Insanidade multiculturalista VI
Maio 19, 2008, 10:42 pm
Filed under: Em foco, Hit Parade dos colaboracionistas, IMinvasão

No dia em que algumas redes noticiosas, poucas, refira-se, informam sobre a onda de violência anti-imigrante que assola a República da África do Sul, e que conta com o saldo de 12 mortos em apenas um dia, sem que nenhum canal informativo ouse empregar o termo racismo/racista para qualificar tamanha violência, vem o vereador do Ambiente da câmara de Lisboa, o fóssil comunista arvorado em iluminado mas que só engana os ignaros, Sá Fernandes (acabadinho de ingressar no Hit Parade dos Colaboracionistas), propor que que seja criado um Museu de África em Lisboa, de forma a tornar a capital portuguesa uma cidade onde a multiculturalidade seja cada vez mais uma realidade.
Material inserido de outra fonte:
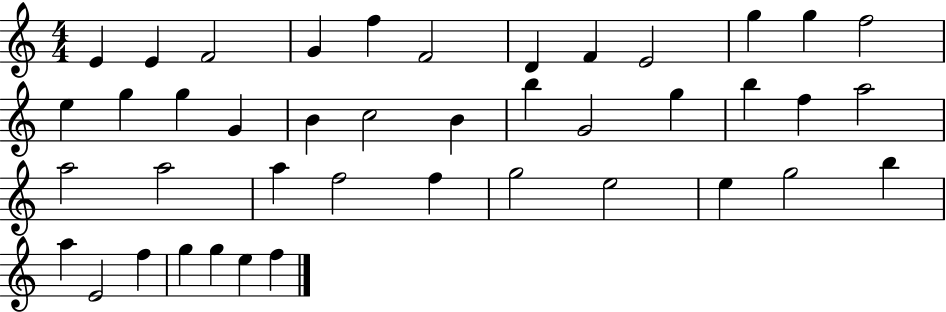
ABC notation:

X:1
T:Untitled
M:4/4
L:1/4
K:C
E E F2 G f F2 D F E2 g g f2 e g g G B c2 B b G2 g b f a2 a2 a2 a f2 f g2 e2 e g2 b a E2 f g g e f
Se provado está, nem que seja pelo coitidiano da cidade alfacinha, que o multiculturalismo é uma farsa e que acaba invariavelmente por tornar toda e qualquer sociedade em multirracista, acresce o facto de que o sacrossanto multiculturalismo custa a todos nós, portugueses de raíz, inúmeros postos de emprego, conduzindo à precariedade laboral e consequentemente à descapitalização das famílias portuguesas, isto para não referir que uma fatia significativa dos nossos impostos é canalizada para a educação, cuidados de saúde e habitação dos imigrantes, o multiculturalismo, dizia, já provou a vermelho sangue que é uma quimera assassina e destruidora de povos e culturas seja pela integração obrigatória promovida e levado a cabo pela nossa classe política, sempre subserviente, à direita, aos senhores do €apital e sua imposíções por mais e sempre mais mão-de-obra barata e novos consumidores, ou aos devaneios de uma esquerda narcotizada e desvirilizada, ou mesmo de uma clique pseudo-intelectual, apostada na engenharia social gizada pelo marxista Muzenberg, que visa materialisticamente reduzir povos, homens e mulheres à mísera condição de números sem rosto nem identidade.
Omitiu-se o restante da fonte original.